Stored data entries
--- START ---

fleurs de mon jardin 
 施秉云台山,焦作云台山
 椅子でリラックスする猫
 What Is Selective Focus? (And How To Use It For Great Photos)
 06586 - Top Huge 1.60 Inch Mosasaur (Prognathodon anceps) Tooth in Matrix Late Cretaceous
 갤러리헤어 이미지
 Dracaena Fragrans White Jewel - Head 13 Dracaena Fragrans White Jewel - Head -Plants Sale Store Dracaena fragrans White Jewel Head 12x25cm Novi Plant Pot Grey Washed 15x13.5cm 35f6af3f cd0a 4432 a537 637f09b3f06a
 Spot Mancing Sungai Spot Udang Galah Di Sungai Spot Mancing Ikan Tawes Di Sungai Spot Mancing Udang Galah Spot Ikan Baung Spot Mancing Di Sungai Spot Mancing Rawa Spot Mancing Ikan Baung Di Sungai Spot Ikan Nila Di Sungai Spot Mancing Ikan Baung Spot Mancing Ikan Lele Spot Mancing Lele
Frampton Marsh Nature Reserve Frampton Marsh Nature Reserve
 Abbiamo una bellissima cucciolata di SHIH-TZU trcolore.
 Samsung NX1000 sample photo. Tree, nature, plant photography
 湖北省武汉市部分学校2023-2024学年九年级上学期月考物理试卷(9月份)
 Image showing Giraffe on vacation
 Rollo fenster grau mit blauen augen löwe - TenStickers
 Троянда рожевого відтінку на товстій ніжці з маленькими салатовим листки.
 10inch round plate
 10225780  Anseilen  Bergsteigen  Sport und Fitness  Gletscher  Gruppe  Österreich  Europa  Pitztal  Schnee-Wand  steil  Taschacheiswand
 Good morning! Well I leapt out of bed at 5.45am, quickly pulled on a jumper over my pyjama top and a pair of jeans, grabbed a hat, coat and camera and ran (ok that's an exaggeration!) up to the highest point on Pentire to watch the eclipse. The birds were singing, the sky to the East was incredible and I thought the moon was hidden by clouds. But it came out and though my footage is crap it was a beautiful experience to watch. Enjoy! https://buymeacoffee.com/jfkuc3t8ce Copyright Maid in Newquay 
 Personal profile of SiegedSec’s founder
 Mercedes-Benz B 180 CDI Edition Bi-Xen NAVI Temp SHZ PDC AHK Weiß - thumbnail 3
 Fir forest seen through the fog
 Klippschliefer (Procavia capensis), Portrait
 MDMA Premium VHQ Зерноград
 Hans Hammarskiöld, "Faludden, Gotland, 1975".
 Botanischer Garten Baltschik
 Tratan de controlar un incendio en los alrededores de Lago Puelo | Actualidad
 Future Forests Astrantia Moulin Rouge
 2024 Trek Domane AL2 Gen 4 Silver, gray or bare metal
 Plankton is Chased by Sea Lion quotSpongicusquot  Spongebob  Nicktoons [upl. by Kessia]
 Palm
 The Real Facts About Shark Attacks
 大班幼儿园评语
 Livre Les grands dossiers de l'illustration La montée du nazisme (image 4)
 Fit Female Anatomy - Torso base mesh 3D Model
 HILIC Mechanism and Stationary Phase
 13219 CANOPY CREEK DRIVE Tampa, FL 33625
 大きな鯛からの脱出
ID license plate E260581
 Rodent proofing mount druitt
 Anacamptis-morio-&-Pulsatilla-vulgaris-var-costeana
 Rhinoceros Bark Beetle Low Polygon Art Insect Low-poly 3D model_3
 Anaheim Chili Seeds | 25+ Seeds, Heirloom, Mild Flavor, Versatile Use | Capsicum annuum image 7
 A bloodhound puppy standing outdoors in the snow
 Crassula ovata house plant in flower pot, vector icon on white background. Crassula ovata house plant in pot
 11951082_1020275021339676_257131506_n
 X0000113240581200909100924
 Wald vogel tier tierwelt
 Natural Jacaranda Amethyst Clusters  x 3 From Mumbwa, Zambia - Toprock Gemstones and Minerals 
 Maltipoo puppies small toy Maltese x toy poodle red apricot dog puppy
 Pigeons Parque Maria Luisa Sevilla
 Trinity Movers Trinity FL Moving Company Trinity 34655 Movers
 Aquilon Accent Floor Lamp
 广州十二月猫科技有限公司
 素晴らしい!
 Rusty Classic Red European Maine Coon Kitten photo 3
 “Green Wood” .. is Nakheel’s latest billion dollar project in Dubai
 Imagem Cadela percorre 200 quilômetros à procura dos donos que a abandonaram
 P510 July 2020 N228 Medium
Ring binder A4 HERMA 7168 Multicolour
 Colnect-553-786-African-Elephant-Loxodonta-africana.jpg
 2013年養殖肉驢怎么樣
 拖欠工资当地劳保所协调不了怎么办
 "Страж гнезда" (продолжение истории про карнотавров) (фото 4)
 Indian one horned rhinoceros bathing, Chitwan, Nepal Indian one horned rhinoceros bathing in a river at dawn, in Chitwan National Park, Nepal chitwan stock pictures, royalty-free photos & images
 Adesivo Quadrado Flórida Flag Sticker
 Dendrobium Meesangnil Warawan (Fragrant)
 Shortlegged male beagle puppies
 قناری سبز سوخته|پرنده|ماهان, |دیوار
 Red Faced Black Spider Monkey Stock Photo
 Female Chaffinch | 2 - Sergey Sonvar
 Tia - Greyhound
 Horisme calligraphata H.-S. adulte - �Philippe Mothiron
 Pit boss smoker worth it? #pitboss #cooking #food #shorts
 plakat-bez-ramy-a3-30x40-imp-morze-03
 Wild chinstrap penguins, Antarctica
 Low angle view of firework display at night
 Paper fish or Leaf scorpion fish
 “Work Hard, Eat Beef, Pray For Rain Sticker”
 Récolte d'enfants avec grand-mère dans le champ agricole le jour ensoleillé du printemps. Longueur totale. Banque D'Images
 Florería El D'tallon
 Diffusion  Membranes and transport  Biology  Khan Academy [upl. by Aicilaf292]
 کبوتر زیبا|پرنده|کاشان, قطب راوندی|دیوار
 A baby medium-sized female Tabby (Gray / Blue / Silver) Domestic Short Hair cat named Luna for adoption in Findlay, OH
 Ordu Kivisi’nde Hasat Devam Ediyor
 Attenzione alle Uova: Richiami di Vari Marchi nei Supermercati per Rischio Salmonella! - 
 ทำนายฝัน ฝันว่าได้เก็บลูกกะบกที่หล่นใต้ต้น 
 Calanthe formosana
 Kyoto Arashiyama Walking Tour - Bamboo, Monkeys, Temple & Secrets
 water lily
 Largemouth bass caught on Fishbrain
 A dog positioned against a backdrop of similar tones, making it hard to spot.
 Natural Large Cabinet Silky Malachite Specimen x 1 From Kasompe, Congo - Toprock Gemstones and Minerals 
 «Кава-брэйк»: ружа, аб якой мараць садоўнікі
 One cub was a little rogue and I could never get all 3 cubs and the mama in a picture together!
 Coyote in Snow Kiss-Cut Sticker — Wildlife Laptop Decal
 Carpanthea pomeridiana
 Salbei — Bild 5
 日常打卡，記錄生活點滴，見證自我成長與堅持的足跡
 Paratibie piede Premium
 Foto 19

--- END ---

**PROBLEM DESCRIPTION:**
Wherever a line in the data above contains the word "Toprock", copy that line.

**EXPECTED ANSWER:**
 Natural Jacaranda Amethyst Clusters  x 3 From Mumbwa, Zambia - Toprock Gemstones and Minerals 
 Natural Large Cabinet Silky Malachite Specimen x 1 From Kasompe, Congo - Toprock Gemstones and Minerals 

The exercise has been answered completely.